小籠包屋で朝食。最初に間違って4元の卵わかめスープを頼んでしまったので、改めて小籠包8元を注文してこれは昼食用に持参する。朝の時間帯の小籠包屋は出勤前だろうか、立ち寄る人でいっぱいで店員もあまりの忙しさに殺気立っている。
タール寺へは市内を走るバスとは別のバスで行くことができる。宿の近くのこのあたりのバス停に、市バスとは別の、行き先を明示したバスが20分に1本程度の間隔でやってくるのでこれに乗る。運賃3元。このバスの存在を知らずに車をチャーターしたりすればどれだけの金額がかかることか。
距離にして30kmほどのはずなのだが結局到着まで1時間かかった。自分以外の乗客はすべて地元の人たちだったが、終点のタール寺まで乗っていたのは自分だけだった。バス運転手にここからは歩いて行くんだと言われて道なりに進んでいくが、いきなり最初で道を間違ってしまい妙なところに迷い込んでしまった。行けども行けども寺はなく、まあいいかとどんどん坂を登っていく。魯沙尓鎮青一村、青二村と登っていくごとに数字が増えていく。途中にイスラム教のモスク:魯沙尓上街清真寺があり、この辺りはムスリムが多く住むエリアのようだ。

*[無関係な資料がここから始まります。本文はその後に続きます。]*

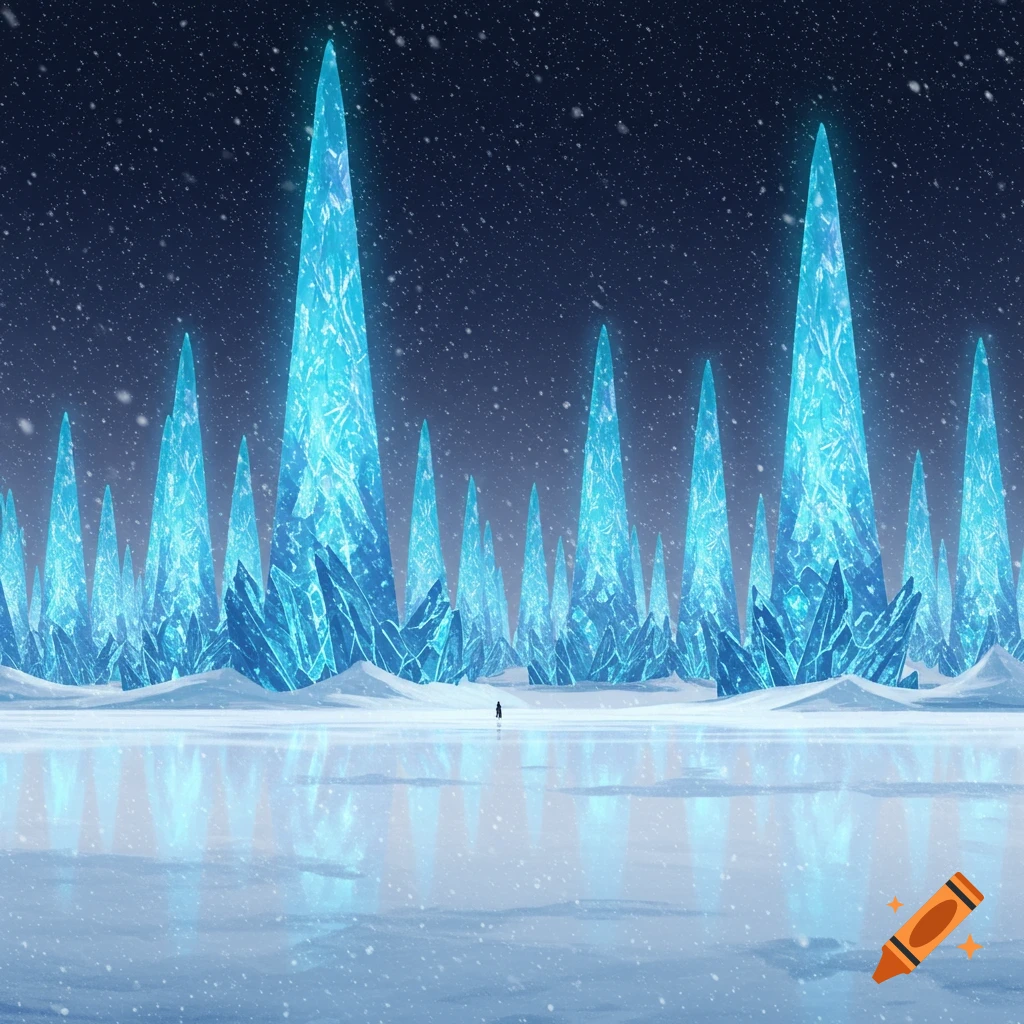 A small figure stands on a frozen lake, surrounded by towering, glowing blue ice spires in a snowy, dark landscape.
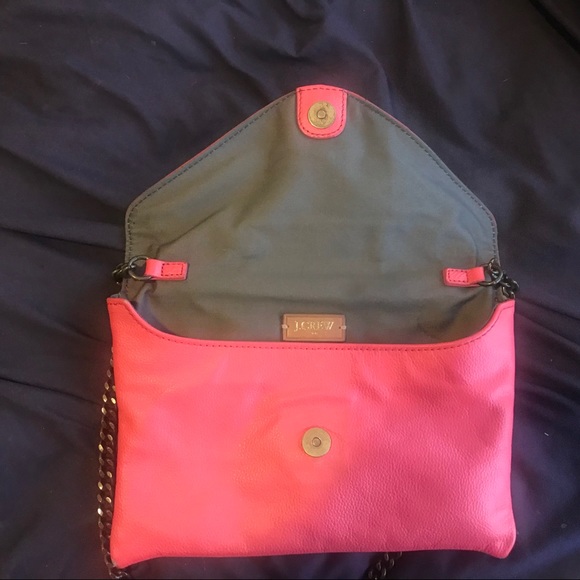 J. Crew: coral-colored leather envelope clutch - Picture 3 of 8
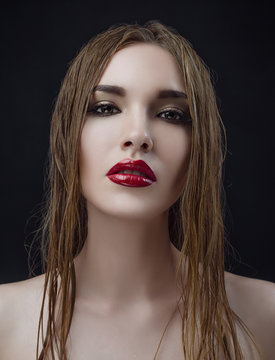 Red lips wet hair Women Makeup Beauty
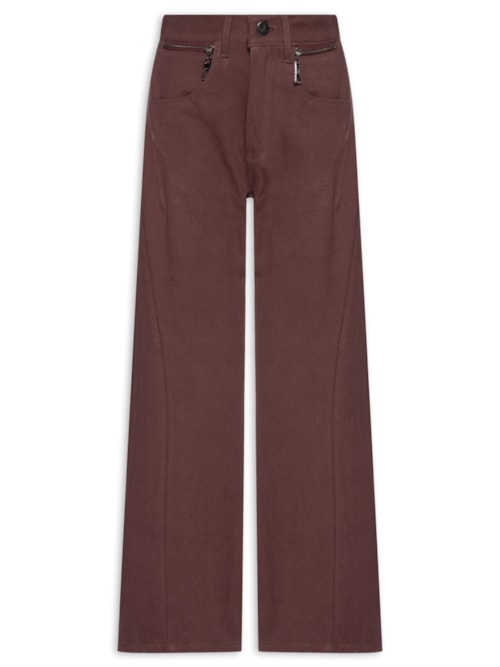 Calça de Sarja Boho Cintura Média Feminina – Marrom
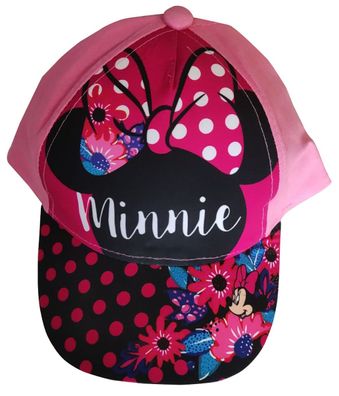 Disney Minnie Mouse Kinder Baseballmütze, Basecap, Kappe, Pink-Schwarz mit Blume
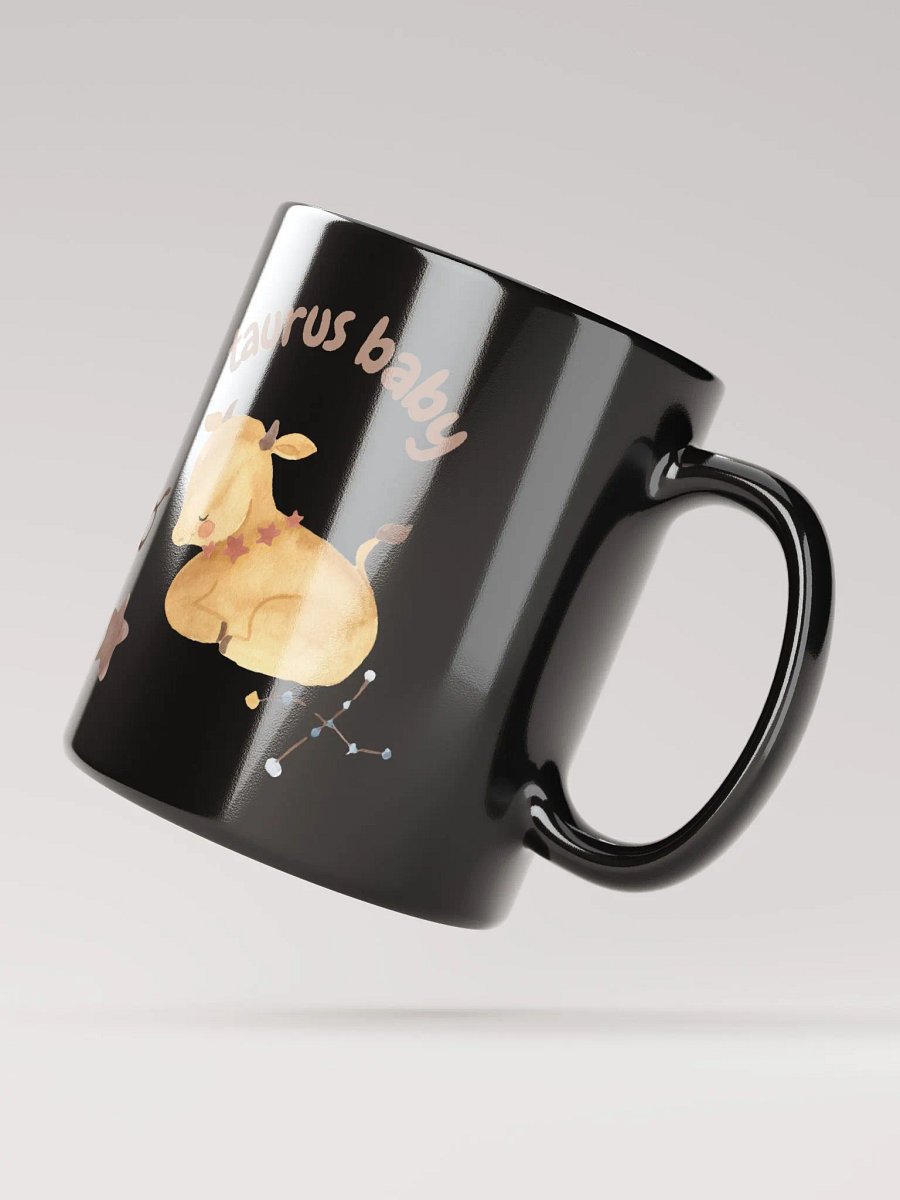 Taurus Baby April 20 – May 20 BLACK GLOSSY MUG Baby Gift, New Baby Gift, Fun Astrology Gift product image (3)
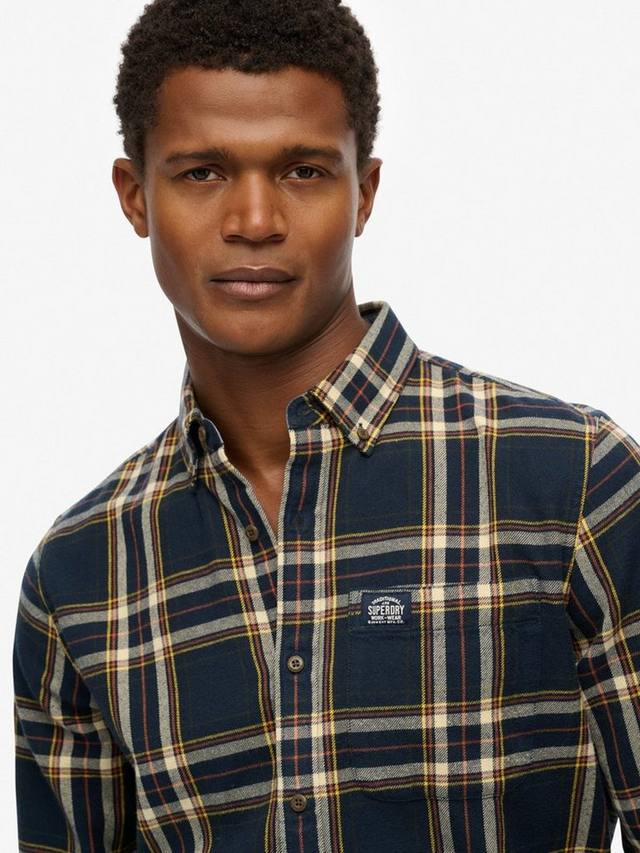 Хлопковая рубашка в клетку Regular Fit в стиле лесоруба Superdry, Navy — фото 4
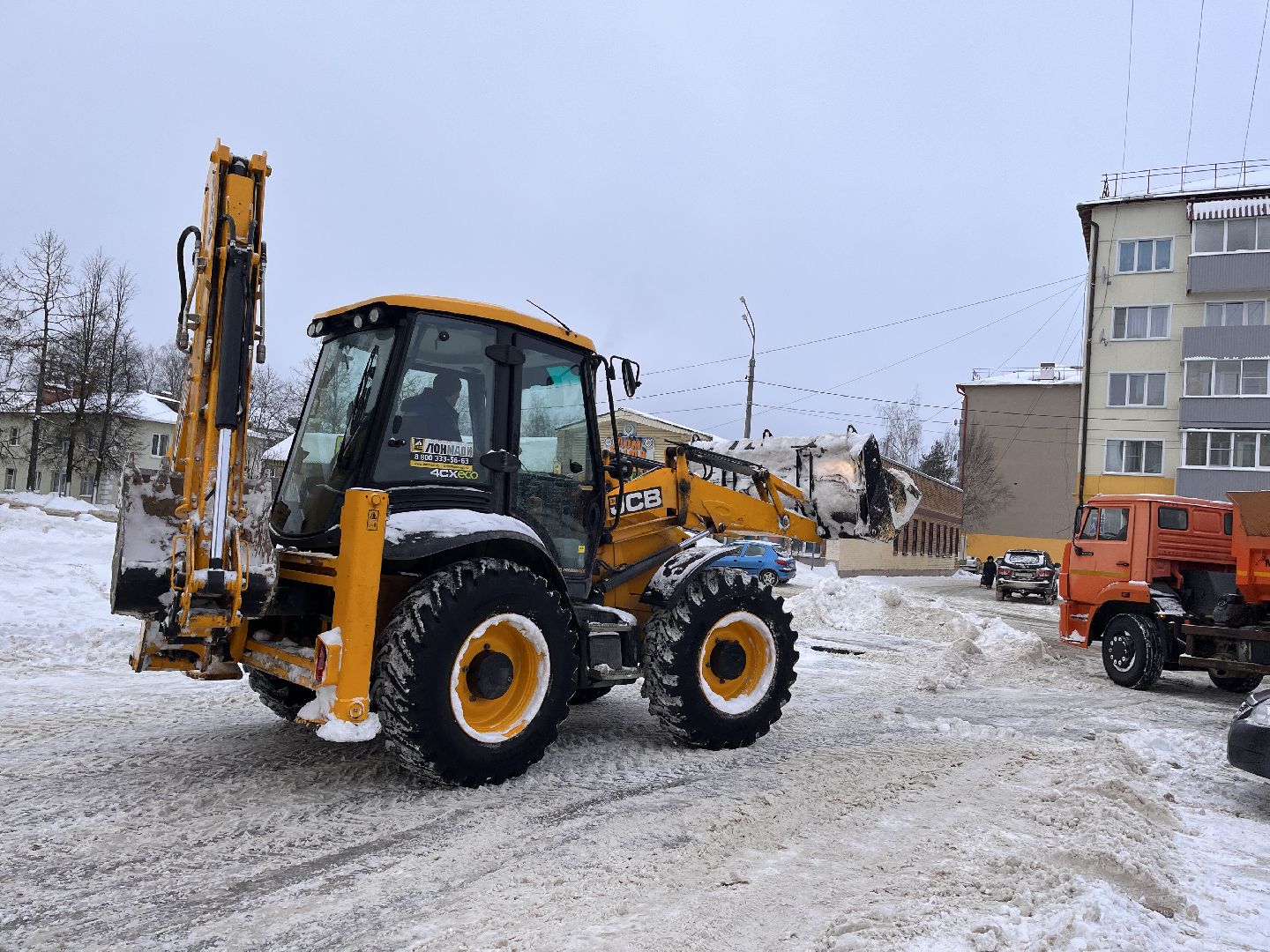 Шаховская, комунальная техника, снег, снегопад, уборка дорог,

タール寺周辺には恐ろしい数の宿がそれこそ無数にある。おそらくチベット各地からの巡礼者がこれらの宿に泊まるのだろう。名所があるおかげでこの辺りは非常に栄えて活気がある。先ほど間違えて歩いた道とは違い、こちらは完全にチベット人の町である。道の両側にずらりと並ぶ店は仏教関連のグッズ(数珠、お香など)を取り揃えており、まるで功徳を積むためにここで金を使えと言っているようだ。チベット人は商売ごとに関してはなかなか抜け目がないというかしたたかな印象がある。イスラムとチベット、どちらが商売上手なのだろうと考える。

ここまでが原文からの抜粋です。